Eddie and Taj George needed a ghostwriter; Rob Simbeck was their man

I like surprises. I’ve never had a three-year plan or even a one-year plan. As a writer, I do the best I can with each job in front of me and sort through projects as they come, looking for those that are interesting and fun. So I was just fine with a bit of mystery when I got a call in October 2010 from the United Methodist Publishing House asking if I would work with a celebrity couple who wanted to write a book together. I do a lot of ghostwriting work for this house, including a book co-written with former Dollar General CEO Cal Turner and his pastor, Howard Olds. “We liked what you did with that one,” the editor told me, “and we’d like you to do another.” The hitch: “We can’t say who it is until they sign the contracts.” My response: “No problem.”

I like tackling projects that take me where I haven’t gone before. I signed on to write the fiftieth-anniversary history of the Nashville Symphony when the number of symphonic performances I’d attended in my life was in single digits.
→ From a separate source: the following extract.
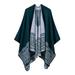 Lixada Vintage Women Poncho Cardigan Sweater Lace Patten Faux Cashmere Capes Shawl Scarf Loose Outerwear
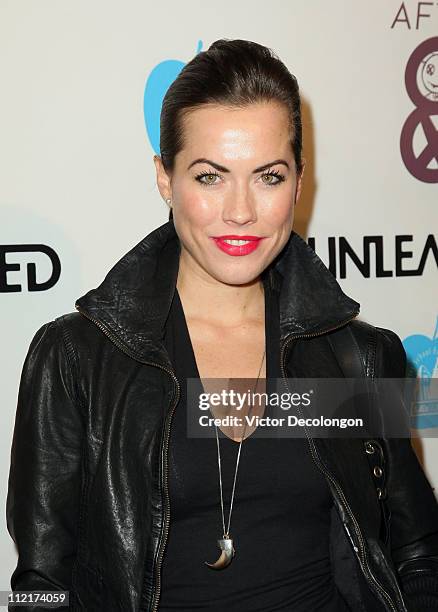 Ballerina Carrie Lee Riggins attends 'Unleashed Magazine Celebrates Cultural Icon & Graffiti Pioneer Fab 5 Freddy' event on April 13, 2011 in...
This project sounded a lot easier. After the usual back-and-forth about pay, the editor and I arrived at a figure I found acceptable—a flat fee with no royalty split. She also agreed to my normal request for a third of the payment when we sign the contract, a third at the estimated halfway point, and a third on approval of the completed manuscript. “OK,” I said. “Let me know when you’ve got the contracts signed.”

So now we had ghosts on both sides of the equation. I ran the possibilities through my head. Reba and Narvell? Nah, not Methodists. Vince and Amy? Keith and Nicole? Phil Bredesen and Andrea Conte? As my guesses got more out there, I figured I’d better just wait. It was several weeks before my contact called again. “Paperwork’s done,” she said. “It’s Eddie and Tamara George.”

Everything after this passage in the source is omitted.